Hi Pine,
My response is not directly related to editor contributions to Japanese Wikipedia but you may still be interested to know:
We are aiming to learn more about Japanese Wikipedia readers (aim = we're interested, we asked a member of the Japanese Wikipedia community to help us translate the survey and other documentation to Japanese). You can follow the task at https://phabricator.wikimedia.org/T151835 This is a follow up on https://meta.wikimedia.org/wiki/Research:Characterizing_Wikipedia_Reader_Beh... to assess whether the results of that study holds true across languages. The other languages we're considering are Spanish, Hindi, and maybe Arabic (the list of languages is not fixed at this moment, but we do have translations for Spanish and Hindi ready as well).
Anyhow, follow up the task if you're interested to keep track of it. :)
Best, Leila
On Thu, Dec 15, 2016 at 12:22 PM, Pine W wiki.pine@gmail.com wrote:
The topic of audiences was discussed at today's WMF Metrics and Activities meeting.
Looking at https://stats.wikimedia.org/EN/Sitemap.htm, and sorting by editors (5+ per million speakers), there are some language communities that appear to have high participation rates on their language's edition of Wikipedia, but I hear very little from them in meta discussions. Japanese Wikipedia comes to mind in particular, with its large number of primary + secondary language speakers.

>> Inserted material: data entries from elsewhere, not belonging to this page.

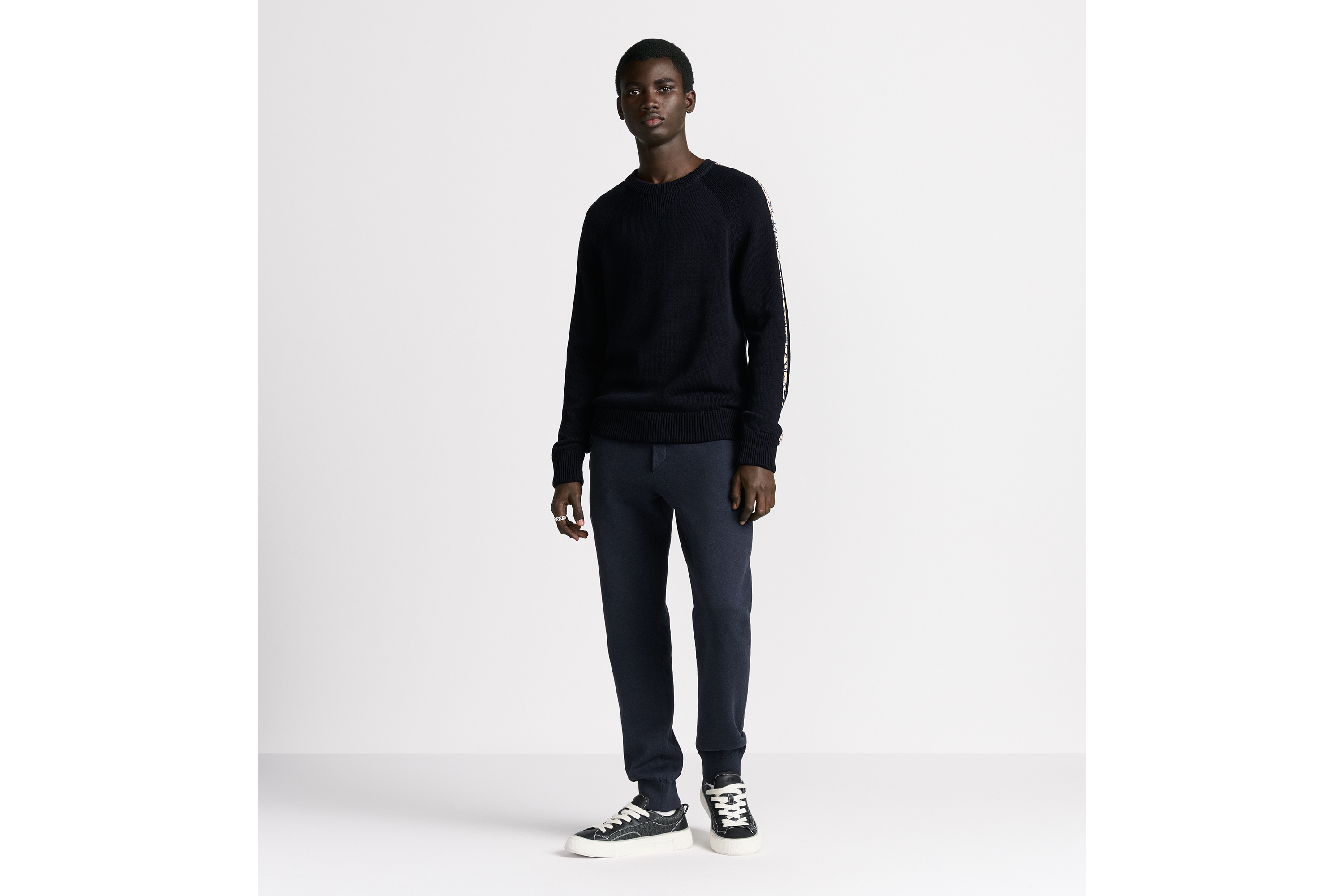 look_image_alt_prefix 针织衫 深蓝色棉质平纹针织面料 Oblique 印花镶片 E08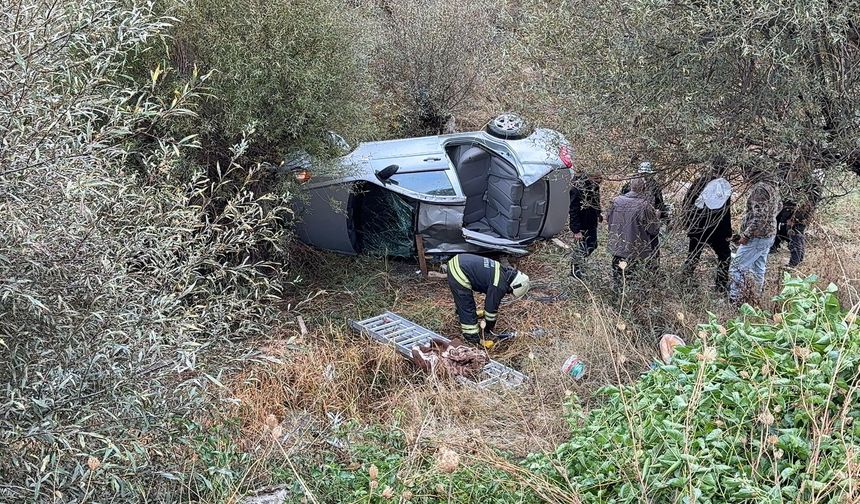 Şarampole Devrildi! Aralarında Çocuğun da Bulunduğu 5 Kişi Yaralandı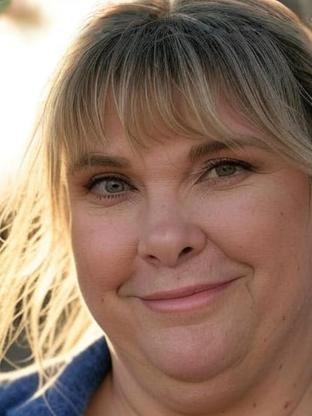 Person who looks like Kirsten Vangsness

I'd be interested in learning more about what makes their community's edition of Wikipedia so successful in terms of a high proportion of Japanese speakers contributing to the site, that could be applied to other language editions.
Could WMF direct more resources to studying the successes on Japanese Wikipedia, and how information about those successes could be applied to other language editions of Wikipedia?